Gels generally have the advantage over powders as they will remain in contact with the stem for longer and are usually more successful in promoting root development. Once the cut has been made a callous (basal swelling) will form, this is the plants way of healing the wound. The roots will then grow from this callous. Be careful not to use too much rooting gel/powder as once the callous has formed and the roots are growing, further callous growth can occur due to the over-abundance of growth hormones.
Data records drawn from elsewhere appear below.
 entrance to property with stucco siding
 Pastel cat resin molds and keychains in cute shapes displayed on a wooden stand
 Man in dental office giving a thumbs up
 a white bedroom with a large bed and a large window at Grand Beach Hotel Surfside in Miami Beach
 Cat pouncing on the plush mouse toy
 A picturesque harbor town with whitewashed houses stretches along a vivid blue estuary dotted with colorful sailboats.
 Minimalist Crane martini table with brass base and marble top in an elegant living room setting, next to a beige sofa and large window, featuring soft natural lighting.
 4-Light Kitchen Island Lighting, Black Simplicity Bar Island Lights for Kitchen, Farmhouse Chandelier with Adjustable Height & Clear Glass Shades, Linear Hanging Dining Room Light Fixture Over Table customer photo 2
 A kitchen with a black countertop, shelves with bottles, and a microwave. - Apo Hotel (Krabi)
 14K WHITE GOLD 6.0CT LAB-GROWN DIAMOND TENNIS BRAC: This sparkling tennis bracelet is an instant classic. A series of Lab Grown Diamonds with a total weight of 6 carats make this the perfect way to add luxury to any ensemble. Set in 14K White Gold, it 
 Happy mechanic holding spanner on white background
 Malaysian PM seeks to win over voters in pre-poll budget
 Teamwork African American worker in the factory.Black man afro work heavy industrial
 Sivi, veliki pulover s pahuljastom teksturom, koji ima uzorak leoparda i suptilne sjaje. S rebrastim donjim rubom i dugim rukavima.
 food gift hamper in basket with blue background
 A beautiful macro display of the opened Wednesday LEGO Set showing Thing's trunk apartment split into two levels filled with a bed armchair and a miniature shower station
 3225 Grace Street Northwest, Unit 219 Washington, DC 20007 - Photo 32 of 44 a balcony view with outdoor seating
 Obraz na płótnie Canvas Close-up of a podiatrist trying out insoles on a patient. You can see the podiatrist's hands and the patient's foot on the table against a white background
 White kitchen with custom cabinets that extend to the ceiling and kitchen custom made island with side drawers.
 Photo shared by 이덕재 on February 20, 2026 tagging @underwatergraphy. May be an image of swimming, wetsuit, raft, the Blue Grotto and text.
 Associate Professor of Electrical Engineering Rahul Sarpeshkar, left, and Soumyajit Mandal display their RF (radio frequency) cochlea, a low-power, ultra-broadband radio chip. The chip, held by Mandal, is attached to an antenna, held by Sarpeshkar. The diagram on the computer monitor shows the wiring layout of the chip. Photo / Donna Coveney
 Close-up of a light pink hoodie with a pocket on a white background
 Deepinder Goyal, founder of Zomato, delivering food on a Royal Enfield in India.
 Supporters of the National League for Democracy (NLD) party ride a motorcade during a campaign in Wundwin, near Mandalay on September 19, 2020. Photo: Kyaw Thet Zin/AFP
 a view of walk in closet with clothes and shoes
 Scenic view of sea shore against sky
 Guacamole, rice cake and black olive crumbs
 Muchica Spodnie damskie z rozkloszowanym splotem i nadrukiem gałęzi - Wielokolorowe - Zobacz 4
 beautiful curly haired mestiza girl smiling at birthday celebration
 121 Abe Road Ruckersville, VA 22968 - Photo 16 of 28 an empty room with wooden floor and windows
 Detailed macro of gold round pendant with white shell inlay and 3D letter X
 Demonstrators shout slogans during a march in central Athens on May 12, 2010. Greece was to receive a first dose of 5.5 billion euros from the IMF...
This will slow down the rooting process.
PLANT THE CUTTING
Place the cutting (as quickly as possible) into a rooting medium (Rockwool block/soil etc). Plant until the nodes of the removed lower leaves are just submerged. These exposed nodes have a high concentration of potential root cells and this will create two more sites from which roots may develop. Be careful when placing your cutting in the rooting medium. Make sure the pilot hole is large enough, so that the rooting gel/powder does not scrape off. Cuttings should always remain vertical so that the rooting hormones can easily make their way down to the cut stem.
TRANSFER TO A PROPAGATOR
The cutting will now have to be transferred to a propagator for hardening-off.